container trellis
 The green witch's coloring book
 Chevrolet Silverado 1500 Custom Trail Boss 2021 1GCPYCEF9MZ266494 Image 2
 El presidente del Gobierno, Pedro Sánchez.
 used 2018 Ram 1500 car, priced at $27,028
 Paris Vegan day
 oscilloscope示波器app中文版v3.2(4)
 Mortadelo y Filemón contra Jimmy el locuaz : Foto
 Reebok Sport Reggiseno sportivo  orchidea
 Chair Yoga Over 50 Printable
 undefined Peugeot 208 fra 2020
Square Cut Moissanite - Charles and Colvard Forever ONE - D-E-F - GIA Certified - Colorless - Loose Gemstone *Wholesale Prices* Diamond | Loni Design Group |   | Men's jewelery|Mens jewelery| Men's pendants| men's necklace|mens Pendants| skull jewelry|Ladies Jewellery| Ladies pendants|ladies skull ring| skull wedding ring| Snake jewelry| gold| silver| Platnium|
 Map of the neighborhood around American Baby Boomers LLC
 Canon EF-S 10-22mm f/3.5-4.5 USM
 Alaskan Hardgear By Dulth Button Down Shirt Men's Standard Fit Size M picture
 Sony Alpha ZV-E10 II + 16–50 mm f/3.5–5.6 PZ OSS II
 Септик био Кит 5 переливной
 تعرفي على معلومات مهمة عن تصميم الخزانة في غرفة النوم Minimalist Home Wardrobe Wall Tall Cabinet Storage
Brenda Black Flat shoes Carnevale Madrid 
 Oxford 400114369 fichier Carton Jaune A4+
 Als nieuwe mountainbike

*Problem requirements*. For this exercise, output exactly the lines above from the line with "El presidente del Gobierno, Pedro Sánchez." to the line with "undefined Peugeot 208 fra 2020", counting both, and leave out the rest.

*Solution for this problem*.
 El presidente del Gobierno, Pedro Sánchez.
 used 2018 Ram 1500 car, priced at $27,028
 Paris Vegan day
 oscilloscope示波器app中文版v3.2(4)
 Mortadelo y Filemón contra Jimmy el locuaz : Foto
 Reebok Sport Reggiseno sportivo  orchidea
 Chair Yoga Over 50 Printable
 undefined Peugeot 208 fra 2020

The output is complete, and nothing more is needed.